Thank you very much for this information. Actually you have a very good point. The bon commande does say that there will be warm air diffused to the two additional floors, but in fact doesn't include the pipes or the motor needed, which is why I have been advised that I probably don't have a legal case. It makes me so mad - they basically have taken 7,000 euros after confirming that it would heat the whole house - which is actually only 75 sm. and now it only heats the kitchen. In the UK they would be taken to court and it would be an open and closed case. Here it appears the courts are on the side of the suppliers, irrespective of what was agreed or in fact using any logic or common sense - who would agree to have vents stuck to the outside of a wall with a brick wall behind.
Thank you anyway.
What you need first is to obtain a "Constat", an official report on the situation prepared by a "Huissier de Justice", an officer of the Court who will make an inspection of what has (and has not) been done by your supplier in relation to the "devis" to which you agreed. The Huissier will prepare the Constat in detail and if appropriate with photos; this then becomes an "inarguable" document accepted by the Court as being a true representation of the situation. However, you need to use a Huissier attached to whichever court serves the area in which you live. You will pay a fee for this (usually 300-500€ - but get a quote in advance!).

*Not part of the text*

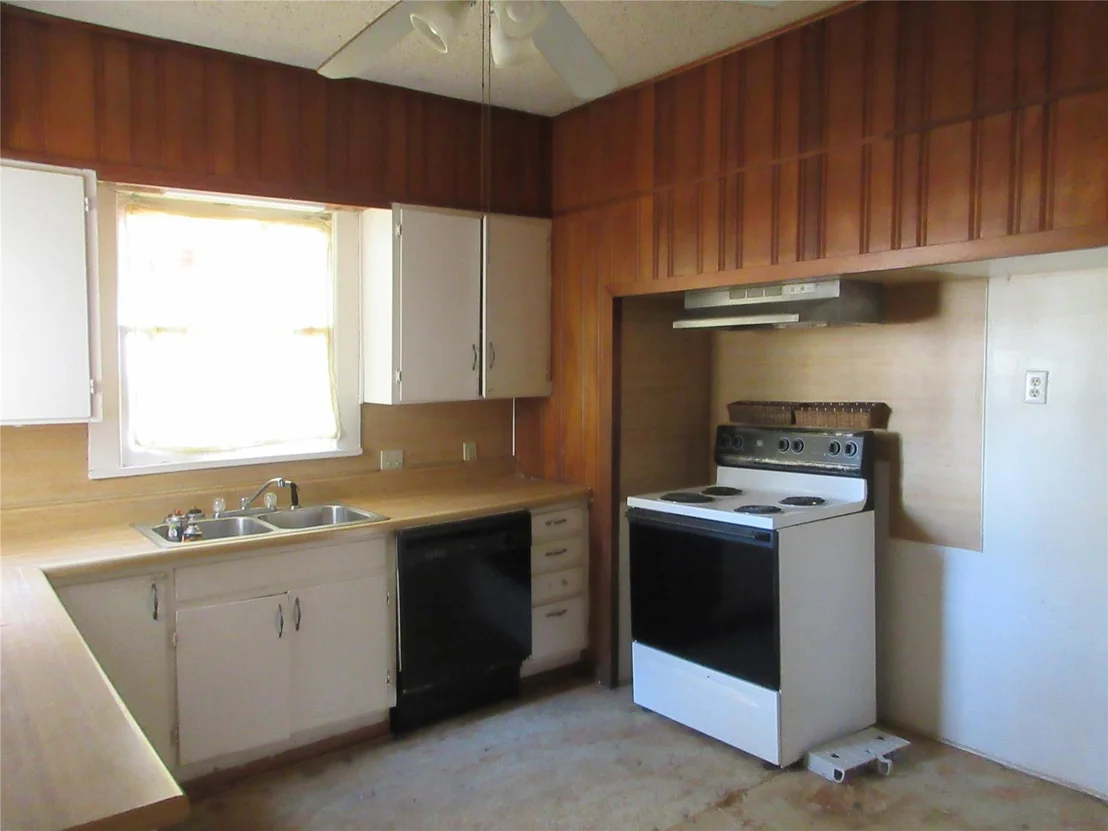 Photo of 916 Ward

You should also contact your local branch of UMC Que Choisir, who will look at your case and advise upon it; they might also pursue the claim on your behalf.
However, French law takes a very limited literal interpretation of what you agreed to, so be sure your signed devis (the contract for the installation) made it very clear that the heating would be effective throughout the house. I know of a case where a builder forgot to allow for holes in a stone wall inside a house which would support the beams he had agreed to put in; he therefore hung the beams on brackets. The client sued; the builder won, because the contract merely stated to install beams and did not specify the method of support. Not very aesthetic compared to the usual method of supporting the beams on holes chopped out of the wall but he had literally provided the beams and it was his choice as to how they would be supported, in the absence of a specific term of agreement as to this point.
I had a (different) problem with a wood-burning stove, and had a similar response from the retailer - "not my problem".
I took a different route - I took a picture of the problem and loaded it onto U-Tube, with the retailer's name, and "Problem" both prominent, to give it a better chance of being high on the search-engines' lists - if people looked up that name. It reached 800 hits within a couple of weeks - 800 potential customers that I hope were persuaded to buy elsewhere. They sent a letter (recorded delivery) threatening a libel suit; I replied that it couldn't be libel if it was true, and I had all the evidence. Suddenly they wanted to help. I like to think that I cost them some sales...
I think someone's already advised you to be sure you're naming the right enterprise - which company's name is on the devis and facture? Also, be sure you keep it factual, not personal or abusive, or you might give them grounds for a libel case.